As for the basketball itself, well, Boston has had an uneven season, the product of a team that is not nearly Lakers-level dysfunctional but is not exactly cohesive, either. The Celtics arrived for their game against the Warriors having lost five of their last six games, and their locker room was a joyless place.
Perhaps they needed to get away from Boston. Perhaps they needed perspective. Perhaps Irving needed to speak with Danny Ainge, the team’s president of basketball operations, and Brad Stevens, its coach, who reminded Irving that the team still had a lot of season left to play. It was not over, not yet, not by any stretch.
“Every team has to find a togetherness in competing,” Stevens said. “Some teams, it takes 60 games. Some teams, it takes 20 games. And bad teams never get there. We hope that it took us 60 games, but we’ll see. We haven’t proven ourselves to be great at that yet for a long stretch of time.”
In their 128-95 win against the Warriors, the Celtics had 38 assists on 49 field goals. They also communicated.
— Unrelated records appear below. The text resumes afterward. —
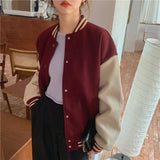 KYLETHOMASW  -  Streetwear Y2K Baseball Jackets Women Oversized Patchwork Bomber Coat Bf Harajuku Preppy Korean Casual All Match Outerwear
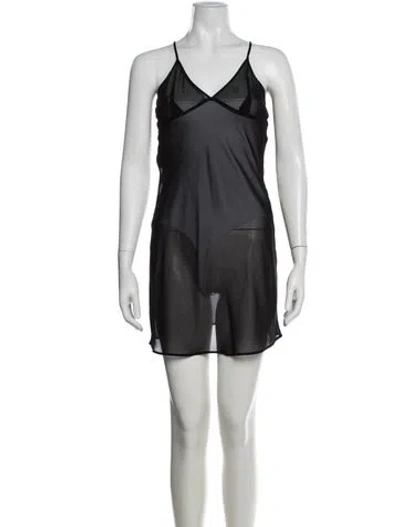 Pre-owned Alexander Mcqueen Virgin Wool Mini Dress In Black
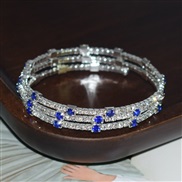 ( Silver  blue )opening bangle textured woman bracelet row Rhinestone surround bangle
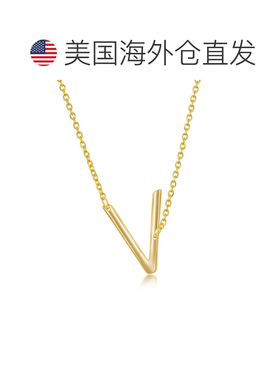 自营simona纯银侧面初始项链 - 镀金 - v 美国奥莱直发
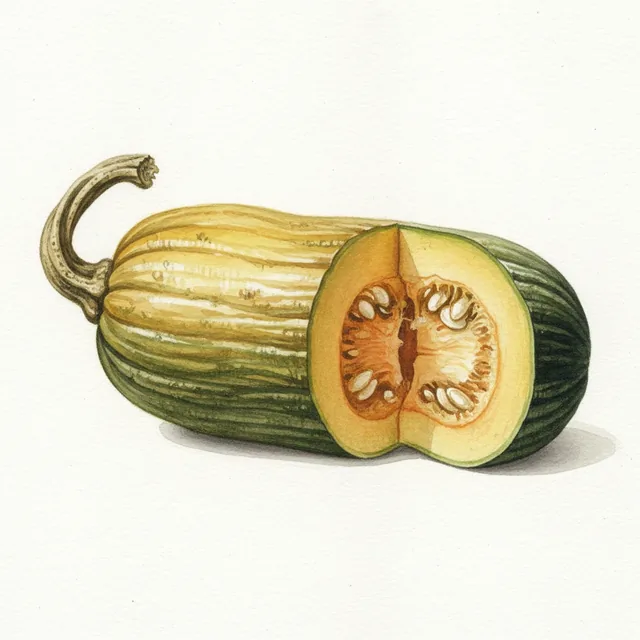 Citrouille de Touraine, illustration botanique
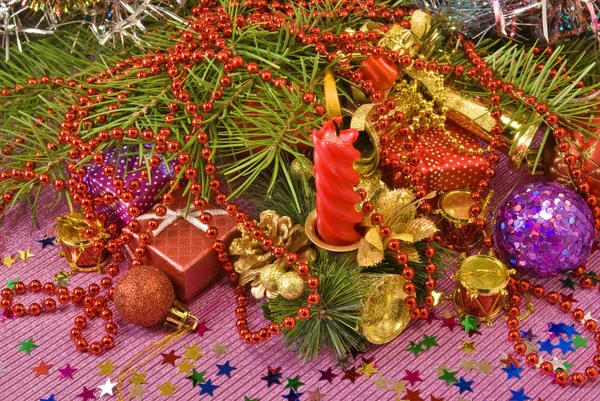 Imagen de varias decoraciones navideñas — Foto de Stock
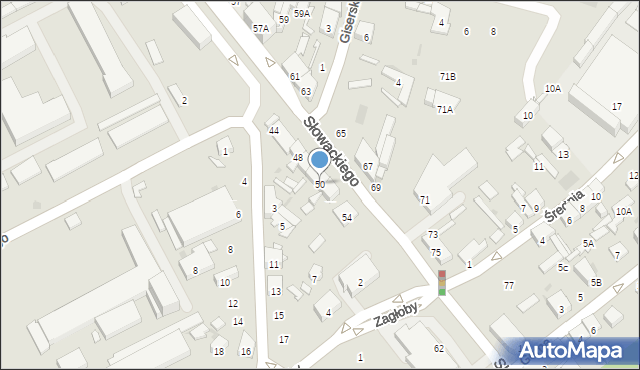 Radom, Słowackiego Juliusza, 50, mapa Radomia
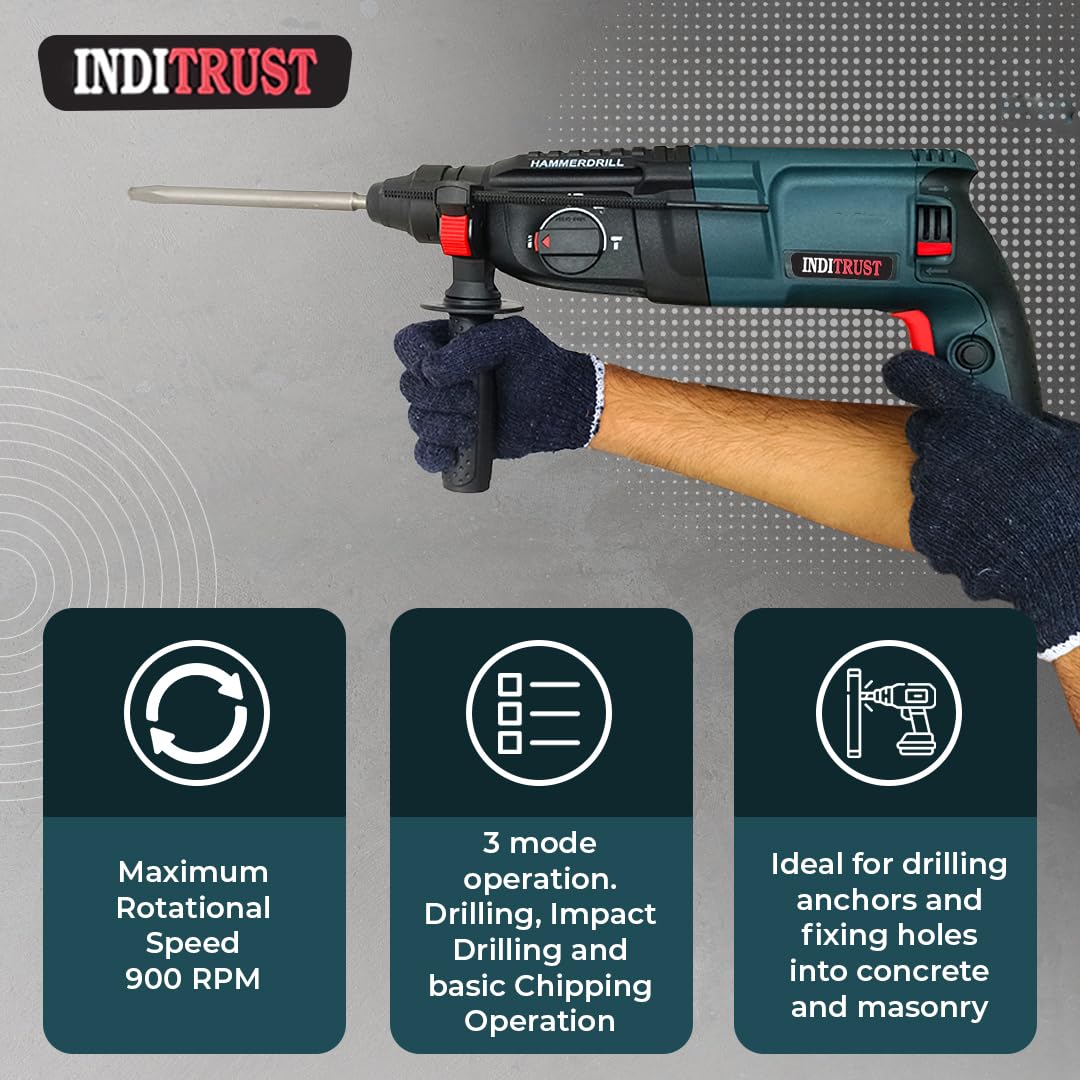 Inditrust New 1250W 26mm hammer drill with SDS drill bits and chisels 6 MONTHS WARRANTY 100% Copper Winding (BLUE) 1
When Irving and forward Jaylen Brown botched a play that led to an early turnover, Brown patted himself on the chest to apologize, then appeared to apologize a second time on their next trip up the court.
The next night, in Sacramento, Irving sat behind the visiting bench for the Celtics’ 111-109 victory over the Kings. He was vocal. He did a lot of fist-pumping. And he celebrated when Hayward, less than 24 hours after scoring 30 points against the Warriors, connected on the game-winner.
After suffering a grisly ankle injury in the opening game and missing last season, Hayward has struggled to find a rhythm in his return. Maybe he found it here in California, along with the rest of the team. The Celtics are too talented to let this opportunity go to waste, because who knows how long it will last?
“As long as my teammates are feeling good,” Irving said, “then we’re in a good place.”